Headline

a generic fragment locator based on Technology:GeSHi

Description

GeFLo is a part of the 101companies:Explorer; it is a generic tool for fragment location. The technology supports the token-aware, and regular expression-based location of fragments for all languages that are supported by Technology:GeSHi. The input/output behavior of GeFLo is the following:

  • Input:
    • a source file
    • a fragment description using regexp-like syntax on tokens
  • Output:
    • the line range of the located fragment
Suppose we are in need of fragment location for Ruby. Consider the following code https://github.com/101companies/101repo/blob/master/contributions/ruby/company/company.rb:

class Company
  
  attr_accessor :name, :topDepts
  
  def total
    ttl = 0.0
    topDepts.each do |topDept|
      ttl += topDept.total
    end
    ttl
  end
  
  def cut
    topDepts.each do |topDept|
      topDept.cut
    end
  end
end

A GeFLo-based fragment description for the function "total" takes this form:

def total ^[def]*

The expression matches with the leftmost, longest substring of the input that consists of "def", followed by "total", followed by any number of tokens that are different from "def". Fragment location hence returns the line range 5-11.

A GeFLo-based fragment description for the function "cut" takes this form:

def cut .* > end $

The expression matches with the leftmost, longest substring of the input that consists of "def", followed by "cut", followed by any number of tokens, where the substring must be followed by "end" and "$" (the end of the input). The operator ">" does not carry any semantics in matching; it only denotes the separation between matched input to be returned by fragment location as opposed to additional matched content. (We may also use the notion of "follow restriction".) Fragment location hence returns the line range 13-17.

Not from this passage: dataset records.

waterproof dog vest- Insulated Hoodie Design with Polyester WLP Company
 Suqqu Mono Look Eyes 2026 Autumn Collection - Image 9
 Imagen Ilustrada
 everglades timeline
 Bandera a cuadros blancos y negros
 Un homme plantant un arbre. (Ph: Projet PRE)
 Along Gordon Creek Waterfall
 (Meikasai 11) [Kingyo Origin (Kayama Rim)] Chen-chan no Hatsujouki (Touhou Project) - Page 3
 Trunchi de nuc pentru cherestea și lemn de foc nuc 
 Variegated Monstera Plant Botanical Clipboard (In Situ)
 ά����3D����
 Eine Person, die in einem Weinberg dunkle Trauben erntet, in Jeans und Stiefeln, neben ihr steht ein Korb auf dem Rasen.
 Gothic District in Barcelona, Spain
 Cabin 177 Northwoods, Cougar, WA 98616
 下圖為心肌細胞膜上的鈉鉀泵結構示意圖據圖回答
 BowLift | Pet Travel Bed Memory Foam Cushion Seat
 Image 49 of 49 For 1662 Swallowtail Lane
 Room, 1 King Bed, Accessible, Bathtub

Special conventions regarding comments and whitespace:

  • Comments and whitespace are skipped in the input during matching.
  • Whitespace in regular expressions serves for sequential composition.
Summary of regexp syntax:
  • Metasymbol " " for sequential composition.
  • Metasymbol "." for any token.
  • Metasymbol "^" for start of input.
  • Metasymbol "$" for end of input.
  • Metasymbol ">" for separating the appended matched substring from follow restriction. (look-ahead)
  • Metasymbol "<" for separating the prepended matched substring from follow restriction. (look-behind)
  • Metasymbol "\" for escpaping metasymbols for use in token.
  • Metasymbols "?", "+", "*" as usual quantifiers for optional parts and iteration.
  • Metasyntax "^e" for negation; e is a regular expression.

Grammatic of GeFLo

This grammatic is only one possibility, but it is very near to the implementation, where some exceptions had to be made. There exists interfaces or classes in the implementation for all these rules. So it is ambiguous because of StarAnyToken and PlusAnyToken, which could be also interpreted as concrete rule, e.g. "Star = AnyToken '*'". But these both have a semantic difference to a regular quantified AnyToken: They can also match beyond the token limit.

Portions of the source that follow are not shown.